The days since the homophobic, tragic shootings at the Orlando gay nightclub Pulse have been some of the darkest, most deeply hopeless days our country has ever seen since 9/11.
This tragedy doesn't just cut deep because I'm a queer girl who spent half a decade on the Florida club circuit and I've experienced my own nights of community, safety and carefree fun, within the walls of Pulse.
I'm sorely heartbroken for myself, my queer family, but also am reeling, gutted and in mourning for my human family. Because this wasn't just an attack against queer people, this is an attack against humanity. Peel back those layers of sexuality and identity and we're left with one thing -- humanity.
The world has felt like a dark blur since Saturday night and I can't make sense of any of it. And you know what? I don't want to.
It feels like in the past 24 hours the conversation has suddenly shifted about the tragic Orlando shootings. It seems like my Facebook feed has started to taper away from sorrow and grief, and instead is steering its attention to the sexual orientation of the gunman Omar Mateen.
Was he gay? Was his motivation behind his cold-blooded attack really just an attack on his own sexuality? Did he ruthlessly murder 49 beautiful, innocent bright lights of my community, wound 52 and leave the victims loved ones in a state of unshakeable shock and grief, because he was a closet queer and the shame was just too much? Was his deep homophobia what made him commit the most brutal shooting our country has ever experienced?
Word on the street is that Mateen visited Pulse several times prior to the attack and was usually belligerent and trying to pick up boys. Our society has now become fixated on Mateen's sexuality.
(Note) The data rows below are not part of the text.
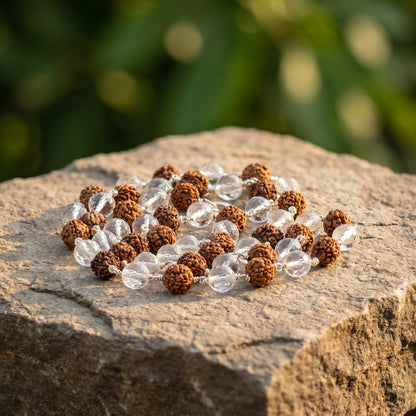 Rudraksha Sphatik Mala 54+1 Beads – Ramaya Tatva
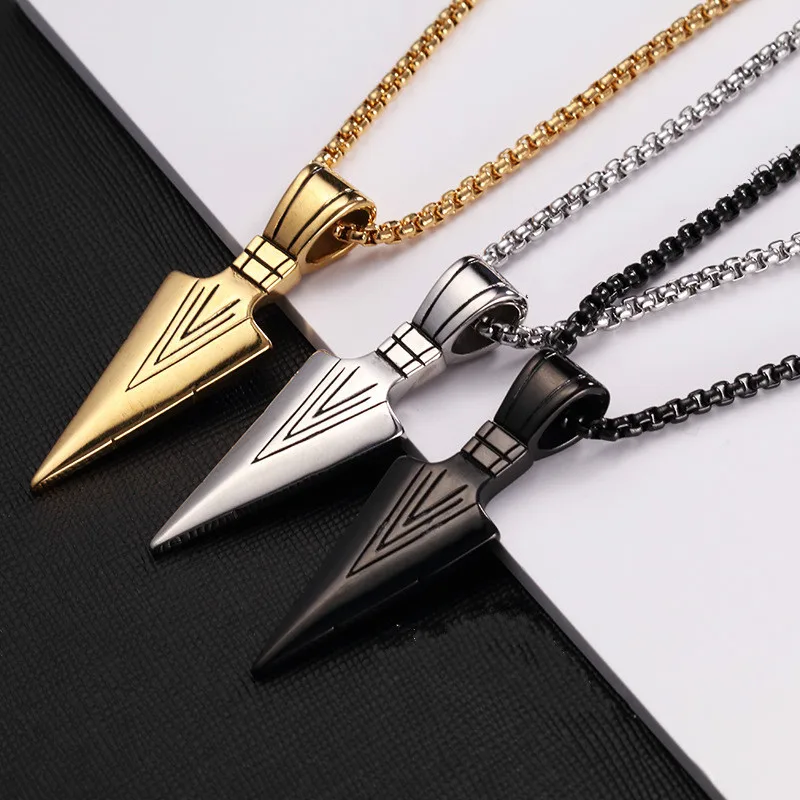 

Men's Fashion Jewelry Black Gold Silver color Arrow Head Pendant Long Chain Necklaces mens necklaces Collier Femme ArrowHead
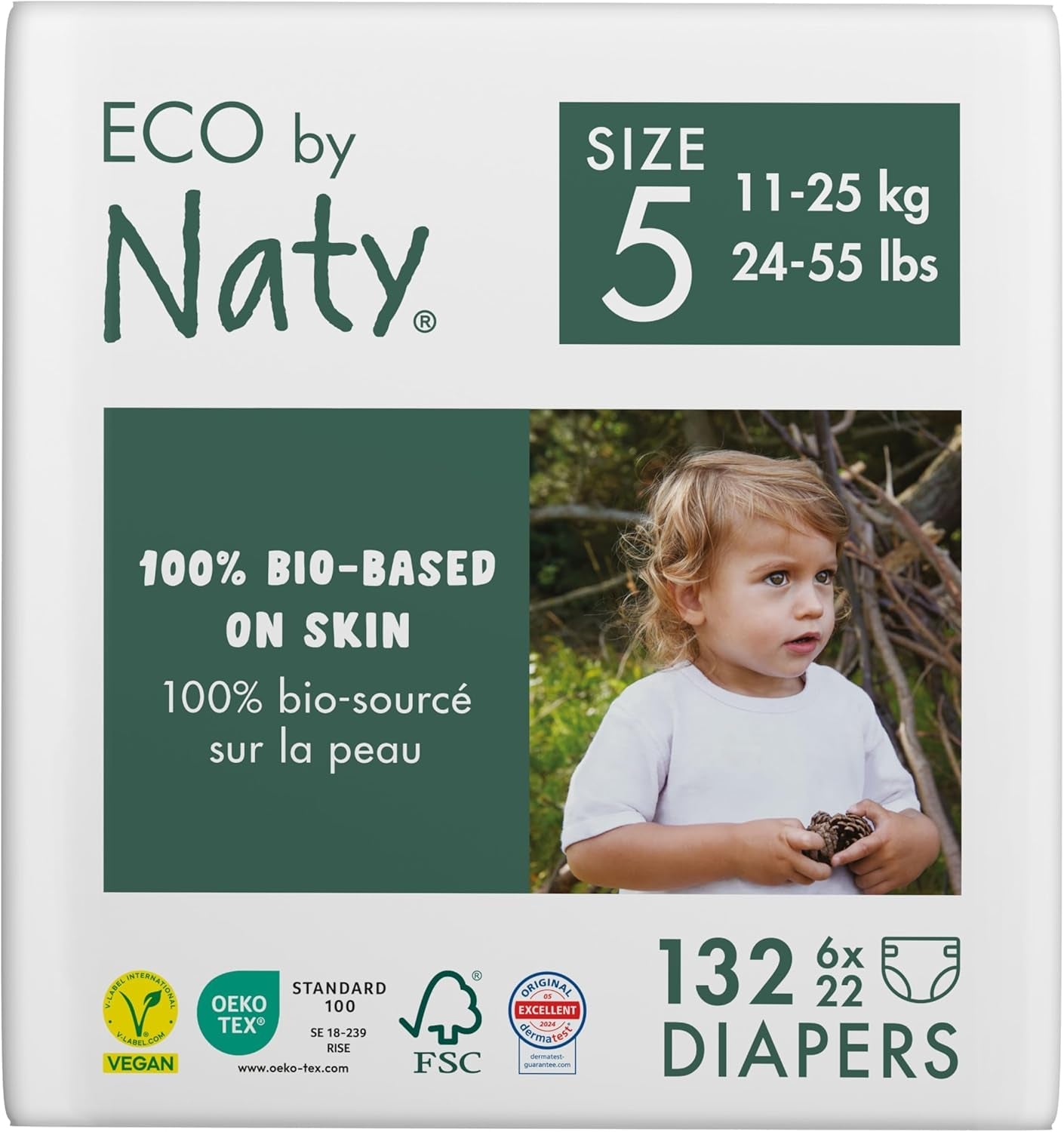 Eco-blöjor Eco från Naty Baby Eco-blöjor - ekologiska förstklassiga blöjor, miljövänliga, gjorda av växtbaserade material, idealiska för känslig babyhud (storlek 5 - 80 st)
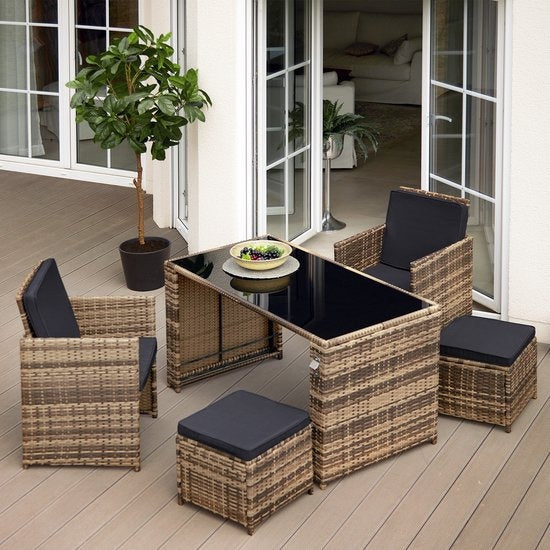 tectake® - wicker zitgroep, 5-delige lounge tuinmeubelset met tafel, fauteuil en kruk, eetgroep voor maximaal 4 personen, tuin- en balkonmeubilair inclusief kussens – grijs - poly-rattan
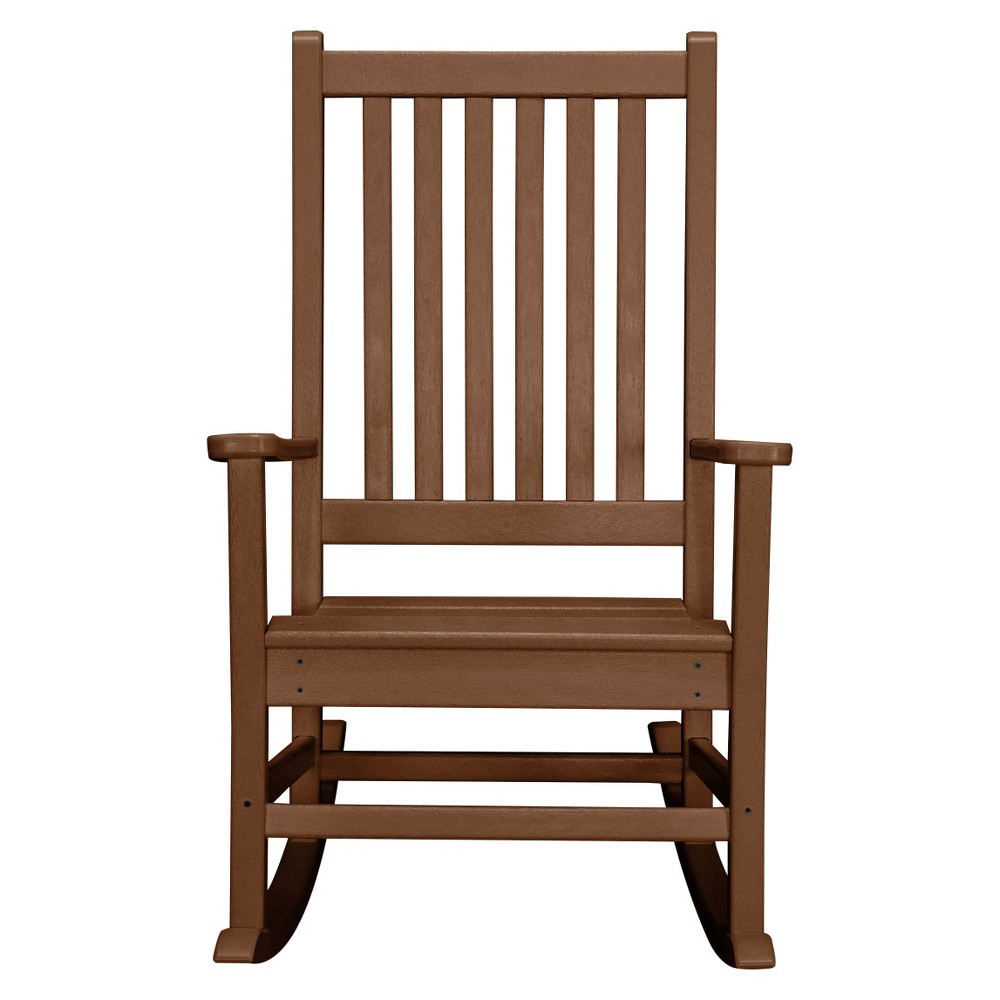 Photos - Garden Furniture POLYWOOD St. Croix Rocking Chair - Teak: Durable HDPE Outdoor Patio Furniture, Water-Resistant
Maybe I'm just still too raw, too consumed with the pain of this great loss, but right now I don't care about Mateen's sexual preference. No matter how much we speculate we'll never really know and it won't undo the irreparable damage that has been done to the community.
I know from personal experience that repressed homosexuality is dark, it's dangerous and it's profoundly impacted my own life. I spent two decades in the closet, huddled and hiding under blankets of shame. And the emotional ramifications were severe.
Years spent swallowing this secret manifested in dark, painful ways. I suffered from an eating disorder. I drank until I blacked out, I dabbled in drugs, I hurt myself in places no one could see. I abused the happy pills prescribed by Dr. Feel Good and was diagnosed with anxiety disorder, major depressive disorder and OCD. After years of therapy I've learned it's all in some way connected to shame over repressed sexuality.
When you're ashamed of your sexuality, you're ashamed of the most human part of who you are. When you're hiding your sexuality, you're also hiding the most authentic, pure parts of yourself. No amount of numbing or self-destructing will let you run from the truth, that this is who you are.
Every single one of my close queer friends have hidden their sexuality or gender, at some point. A lot of them didn't grow up in liberal households. No one was out in school back then. There were hardly any queer media figures that we could identify with.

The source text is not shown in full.